§ **Exercise requirements**:
Starting at the line where "an aqua blue" occurs, reproduce each line through the end of the entries below exactly. Omit every picture.

#### Data to examine ####

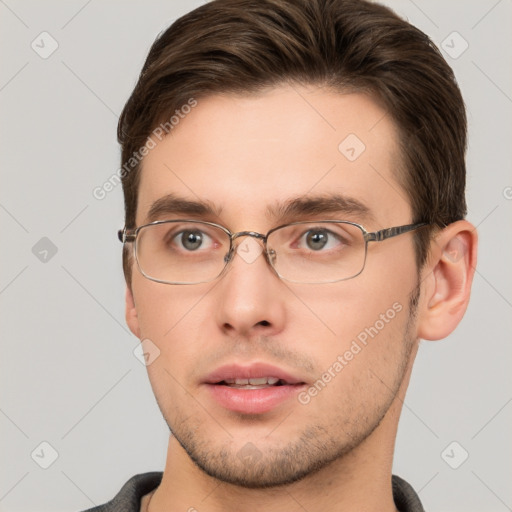 Neutral white young-adult male with short  brown hair and grey eyes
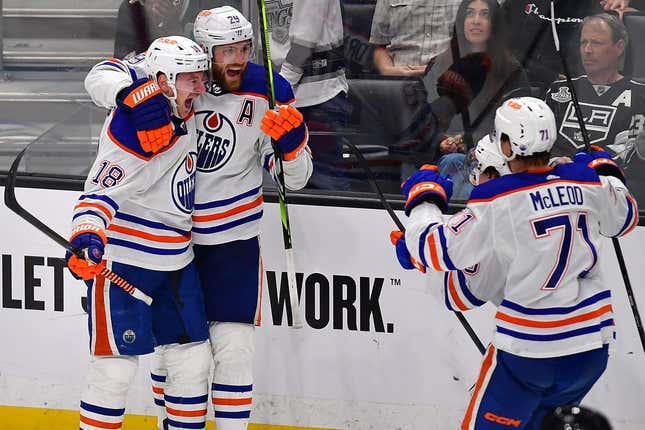 Apr 23, 2023; Los Angeles, California, USA; Edmonton Oilers left wing Zach Hyman (18) celebrates his goal scored against the Los Angeles Kings with center Leon Draisaitl (29) and center Ryan McLeod (71) during overtime in game four of the first round of the 2023 Stanley Cup Playoffs at Crypto.com Arena.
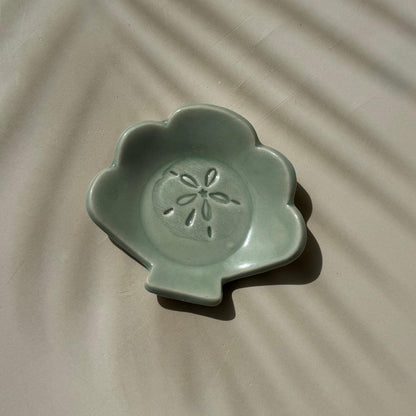 an aqua blue ceramic dish in the shape of a shell with sand dollar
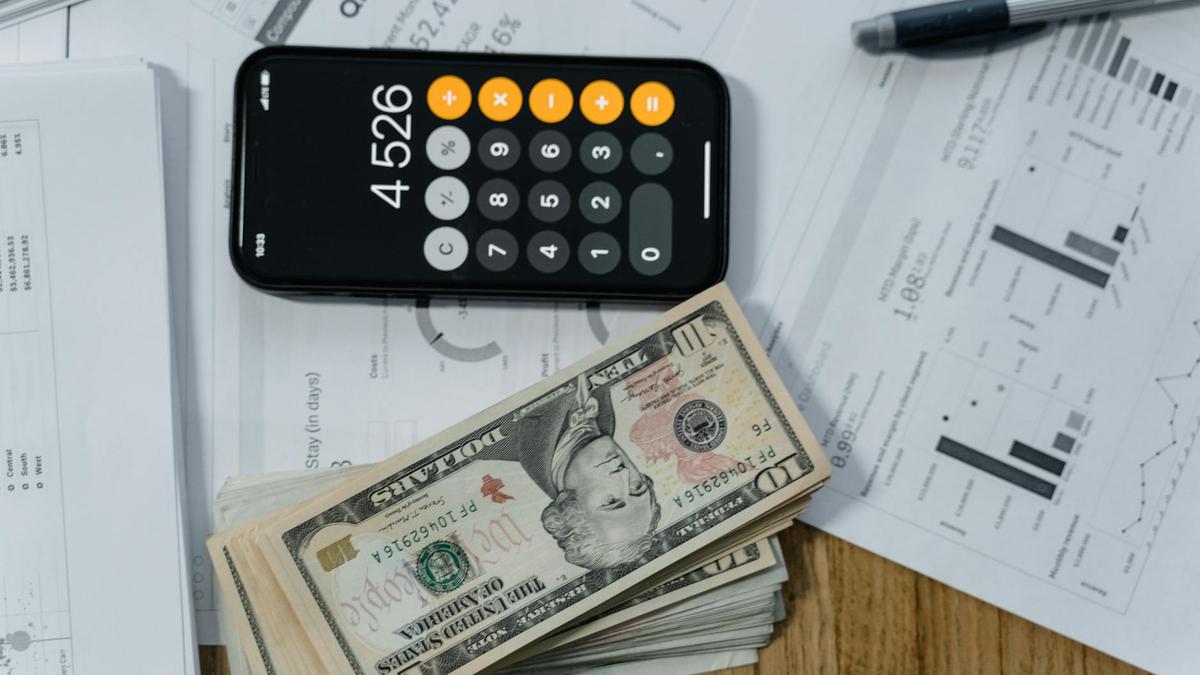 Mobile calculator, cash, and financial documents on a desk, indicating business planning.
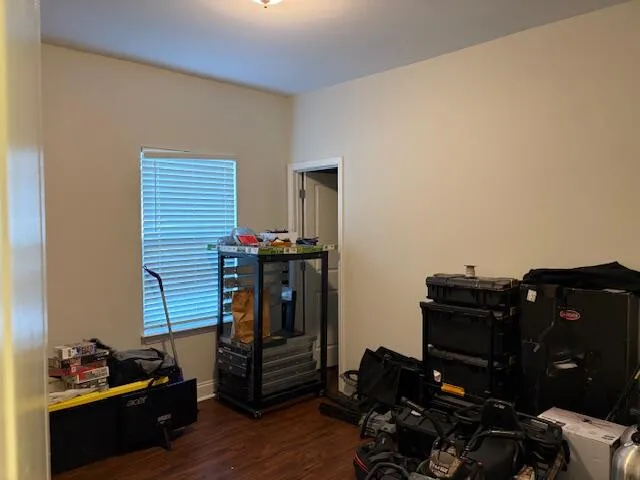 a view of a workspace with furniture and wooden floor
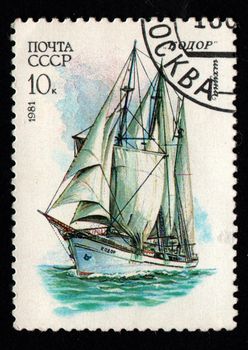 USSR - CIRCA 1981: sailing ship schooner Kodor on a USSR postage stamp. Soviet sailboat on a postage stamp. Sea transport on postage stamp. Old Soviet postage dedicated to Soviet ships. Philately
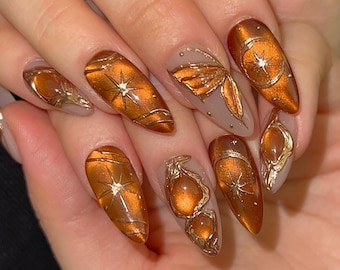Amber Acrylic Nails | Brown Butterfly Gel Nails | Gold Metallic Nails with 3D Design | Vintage Caramel Nails | Fall Aesthetic False Nails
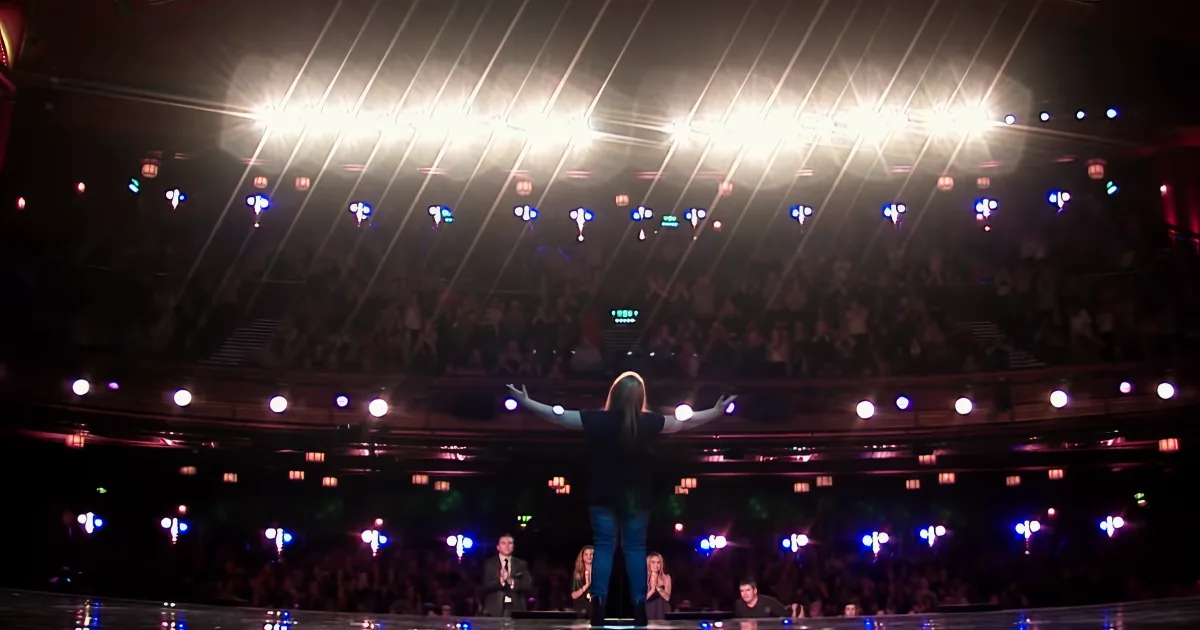 A person stands on stage with arms outstretched, facing a large audience illuminated by bright stage lights.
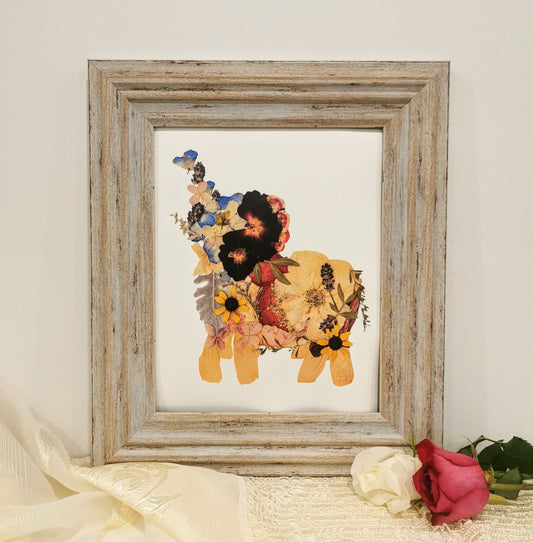 Unique wedding keepsake with pressed flowers arranged in a decorative frame.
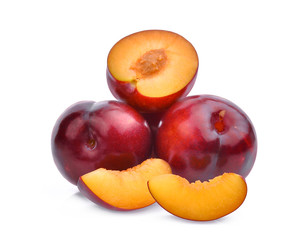 whole and half with slice of red cherry plums isolated on white background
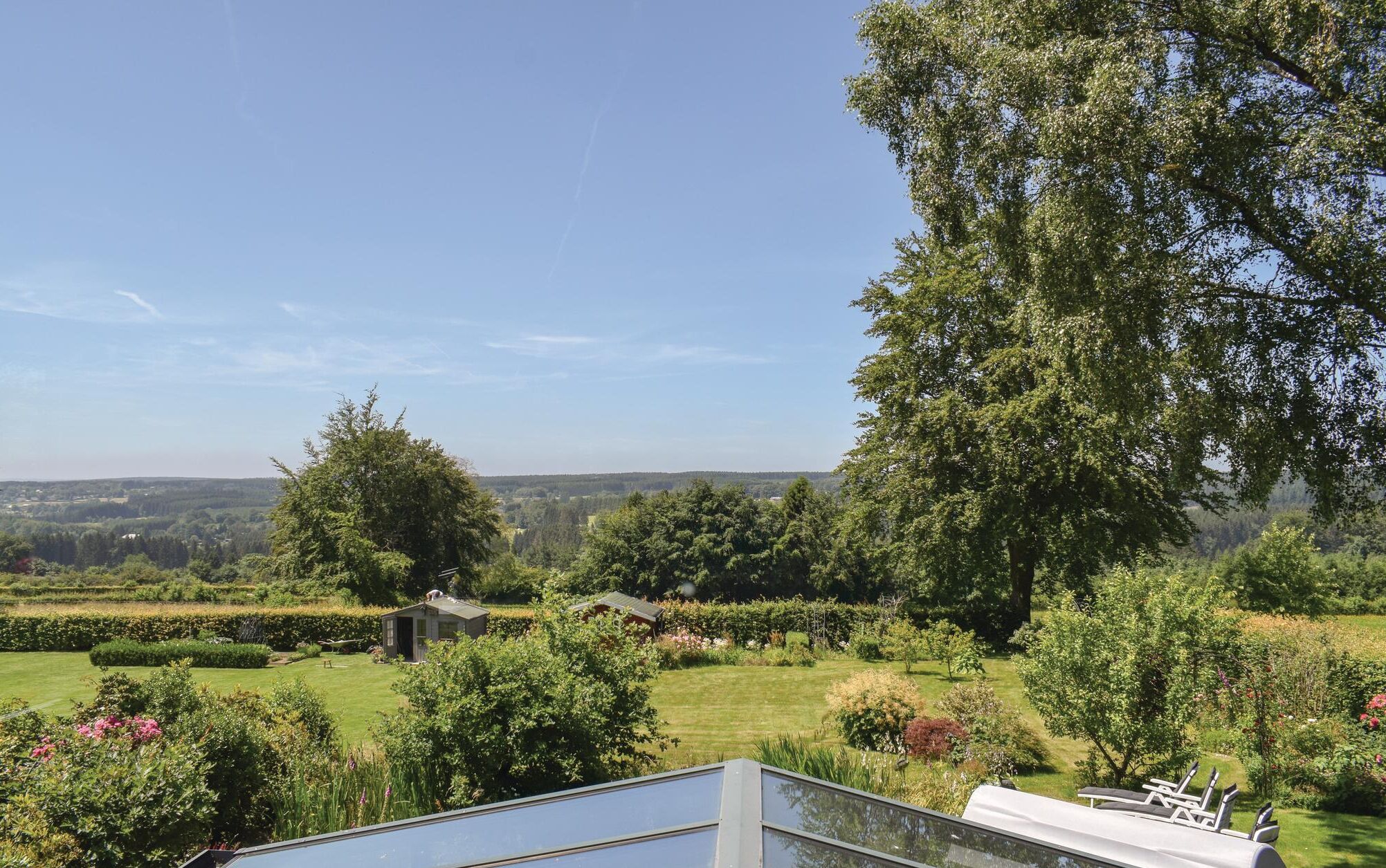 Un jardin avec un petit abri de jardin, une pelouse et un grand arbre.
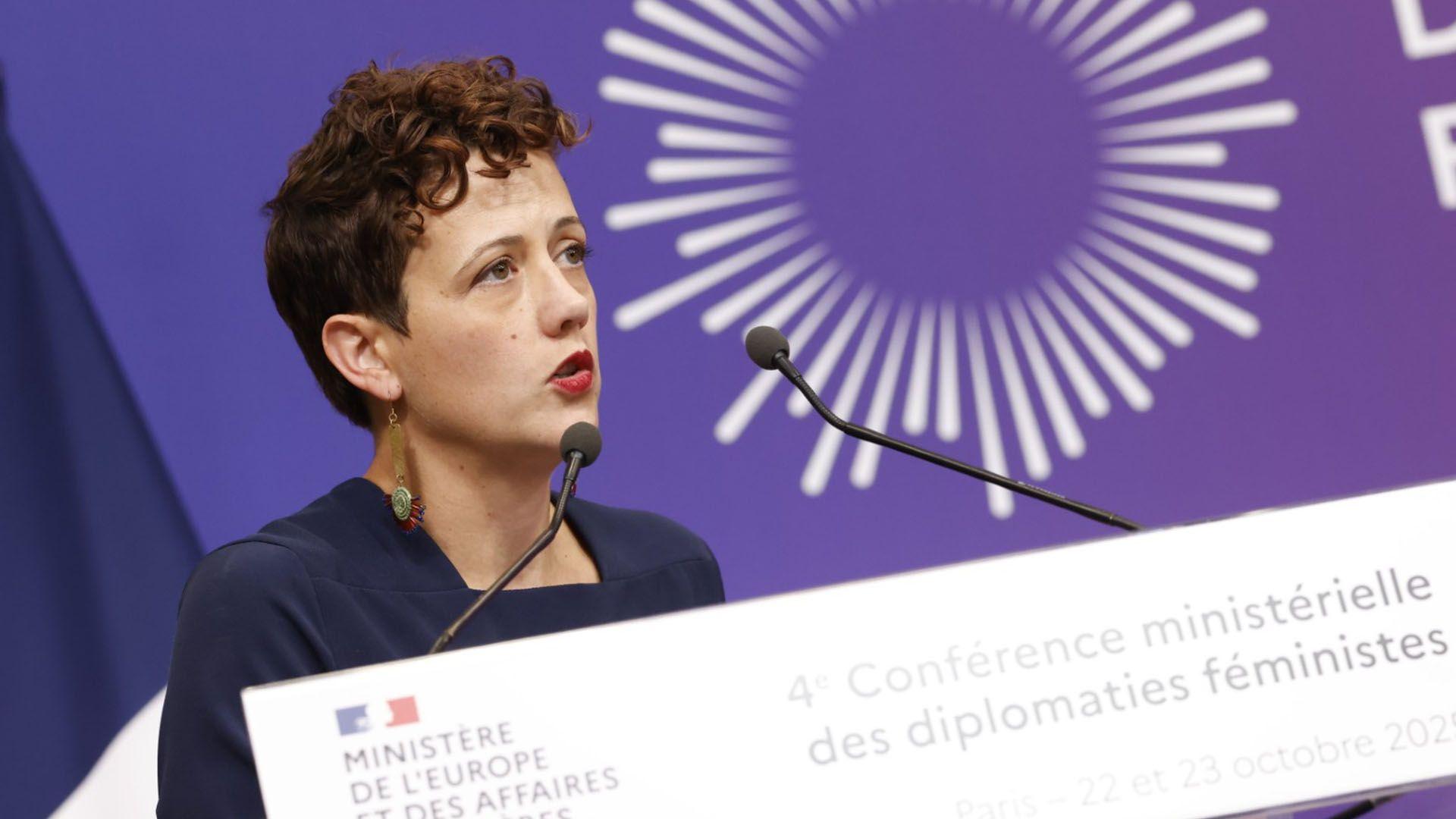 A woman with short, dark, curly hair speaks at a conference. She is wearing a navy blue top with dangly earrings. A podium with two microphones is in front of her and a purple screen is behind her.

####

§ **Result of this exercise**:
 an aqua blue ceramic dish in the shape of a shell with sand dollar
 Mobile calculator, cash, and financial documents on a desk, indicating business planning.
 a view of a workspace with furniture and wooden floor
 USSR - CIRCA 1981: sailing ship schooner Kodor on a USSR postage stamp. Soviet sailboat on a postage stamp. Sea transport on postage stamp. Old Soviet postage dedicated to Soviet ships. Philately
Amber Acrylic Nails | Brown Butterfly Gel Nails | Gold Metallic Nails with 3D Design | Vintage Caramel Nails | Fall Aesthetic False Nails
 A person stands on stage with arms outstretched, facing a large audience illuminated by bright stage lights.
 Unique wedding keepsake with pressed flowers arranged in a decorative frame.
 whole and half with slice of red cherry plums isolated on white background
 Un jardin avec un petit abri de jardin, une pelouse et un grand arbre.
 A woman with short, dark, curly hair speaks at a conference. She is wearing a navy blue top with dangly earrings. A podium with two microphones is in front of her and a purple screen is behind her.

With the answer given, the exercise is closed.